Carlos Ghosn est soupçonné de s’être enfui en prenant un jet privé à l’aéroport international du Kansai, près d’Osaka (ouest japonais), avec deux complices présumés, de nationalité américaine, selon la télévision japonaise.
Il aurait échappé aux contrôles en se cachant dans un caisson de matériel pour des concerts, selon des médias japonais.
« C’est moi seul qui ai organisé mon départ », avait-il martelé avant la conférence. Carole Ghosn a elle assuré qu’elle n’était « au courant de rien » concernant la fuite de son mari.
M. Ghosn fait l’objet de quatre inculpations au Japon: deux pour abus de confiance aggravé et deux pour des revenus différés non déclarés aux autorités boursières par Nissan (aussi poursuivi sur ce volet), notamment des montants qu’il devait toucher après sa retraite estimés par la justice à 9,23 milliards de yens (74 millions d’euros) de 2010 à 2018.
En amont de sa conférence, le magnat déchu de l’automobile avait affirmé à une chaîne de télévision américaine posséder des « preuves réelles » montrant qu’on voulait le faire tomber au Japon et qu’il allait donner des noms.
« Complot »
Le Liban, qui n’a pas d’accord d’extradition avec le Japon, a reçu une demande d’arrestation d’Interpol. M. Ghosn pourrait être entendu par le parquet général, comme l’impose la procédure, selon une source judiciaire.
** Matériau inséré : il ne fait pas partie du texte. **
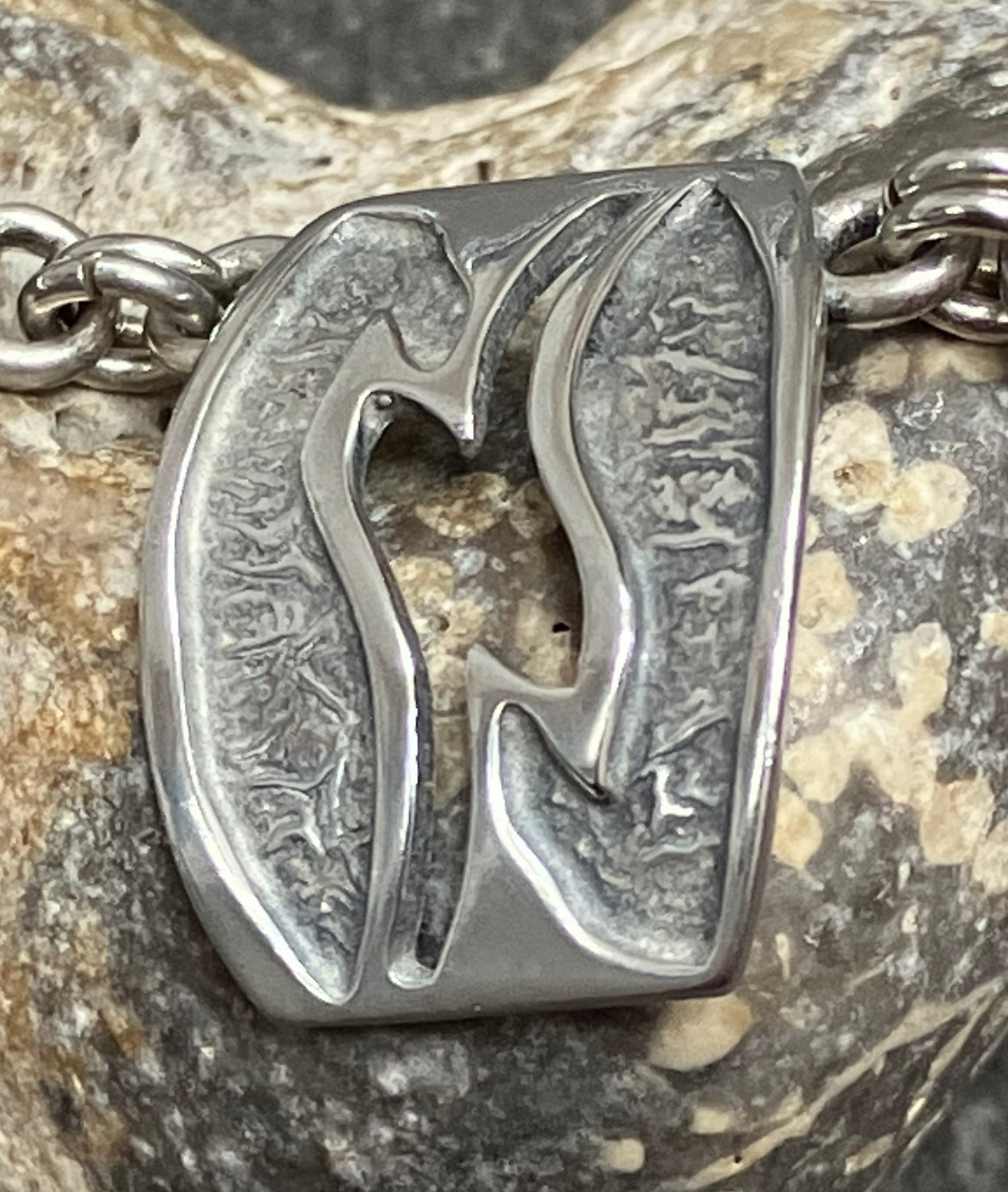 Beautiful vintage sterling silver necklace. Comprising of five beautifully made rectangles.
Beyrouth affirme qu’il est entré « légalement » au Liban muni d’un passeport français.
Les autorités japonaises ont dénoncé une évasion « injustifiable », tandis que le groupe automobile Nissan l’a qualifiée d' »extrêmement regrettable ».
Depuis le début M. Ghosn, ses proches et sa défense soutiennent qu’il a été victime d’un « complot » ourdi par Nissan, avec la complicité des autorités japonaises.
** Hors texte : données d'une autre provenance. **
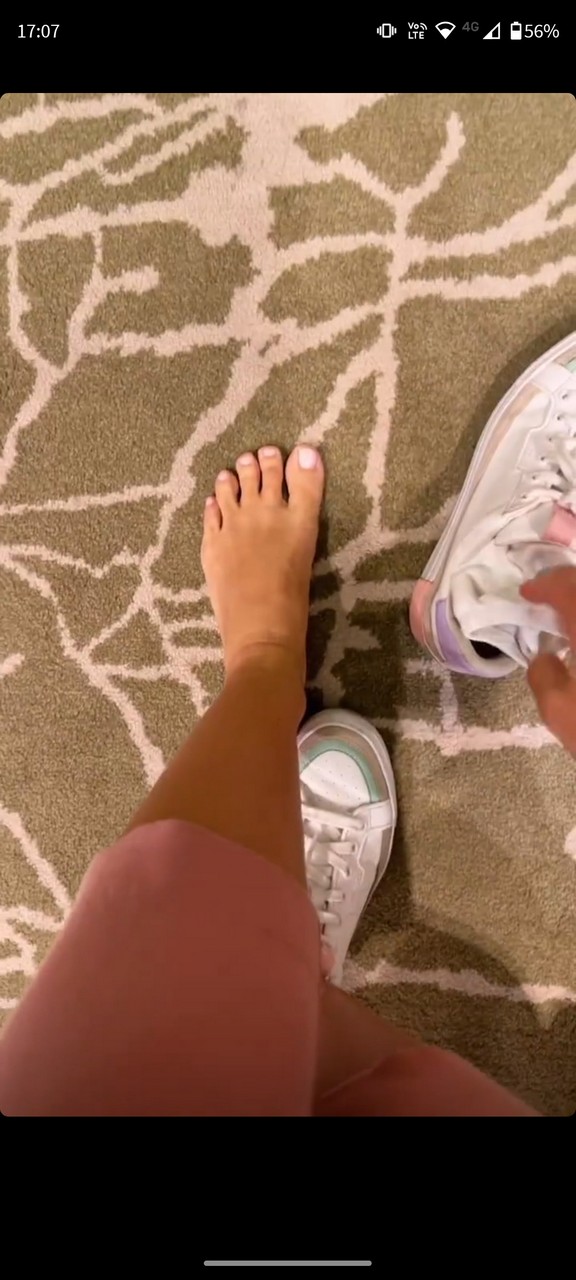 Lizandra Trindade Feet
Des procureurs ont tenté mercredi de fouiller les bureaux d’un de ses avocats, Junichiro Hironaka, et de saisir des ordinateurs mais l’accès leur a été refusé, les avocats invoquant la « confidentialité entre un avocat et son client ».
Son équipe juridique en France a fustigé les accusations de Nissan, qui affirme avoir des preuves contre M. Ghosn, quelques heures avant la conférence de presse, qualifiant l’enquête du constructeur automobile japonais de « grosse déformation de la vérité ».
Cette enquête « a été lancée et entreprise dans le but spécifique et prédéterminé d’écarter Carlos Ghosn », ont ajouté ses avocats dans un communiqué.